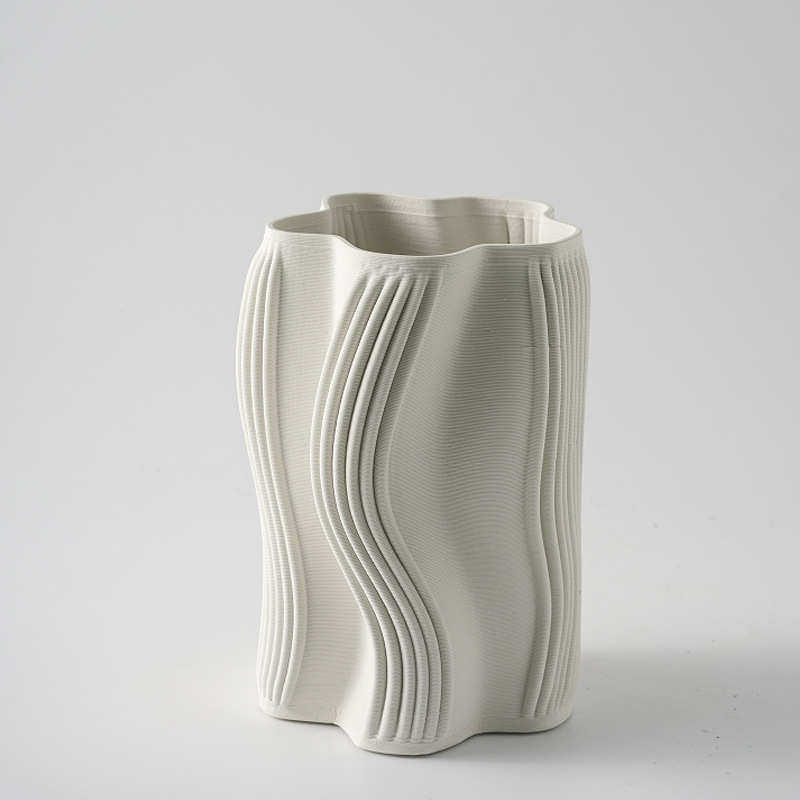 3D景德镇简约创意陶瓷花瓶黑白条纹家居摆件样板间软装插花器饰品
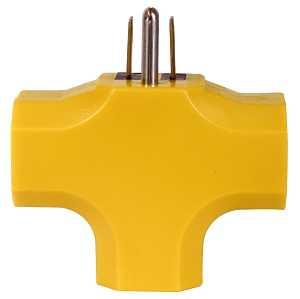PowerZone ORAD0200 Outlet Tap, 125 V, 3-Outlet, Yellow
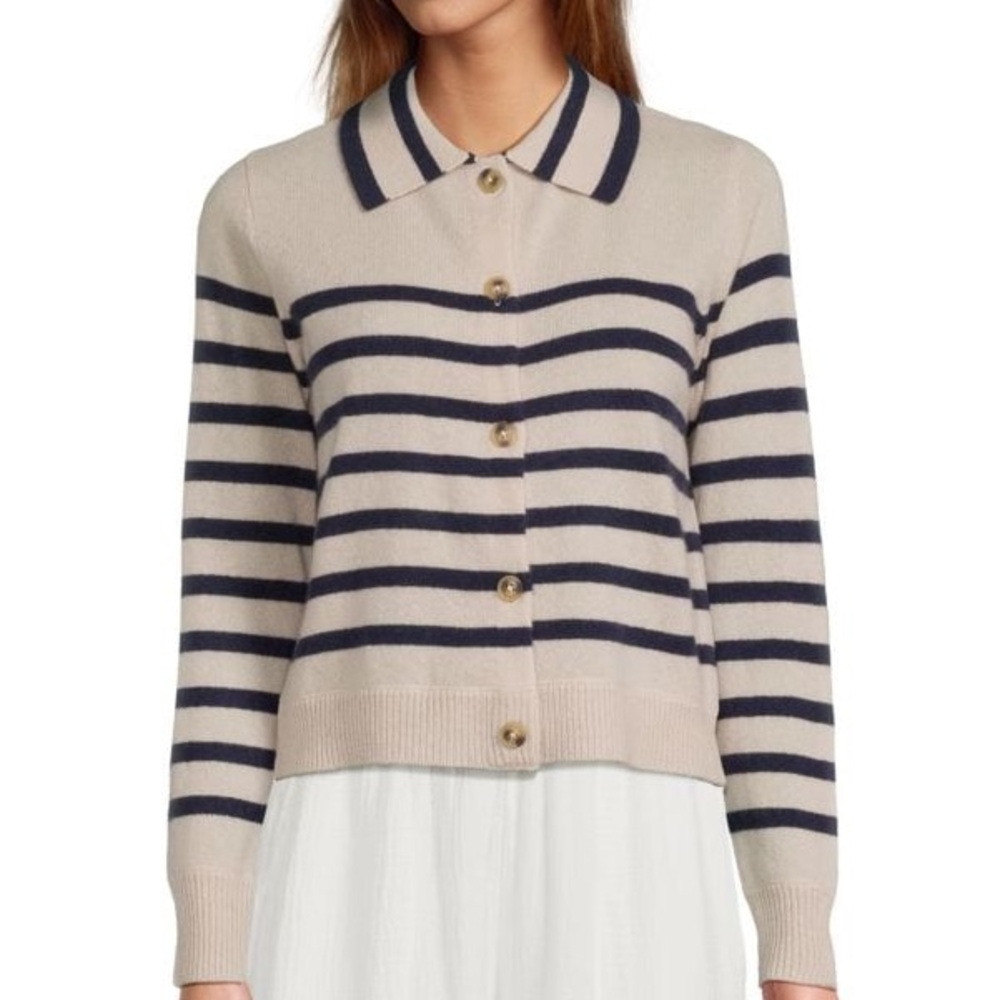 NWT Cashmere Striped Polo Sweater from Saks Fifth Ave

## [Activity]
Leave the pictures out and restate the listing word for word.

## [Result of this exercise]
 3D景德镇简约创意陶瓷花瓶黑白条纹家居摆件样板间软装插花器饰品
PowerZone ORAD0200 Outlet Tap, 125 V, 3-Outlet, Yellow
 NWT Cashmere Striped Polo Sweater from Saks Fifth Ave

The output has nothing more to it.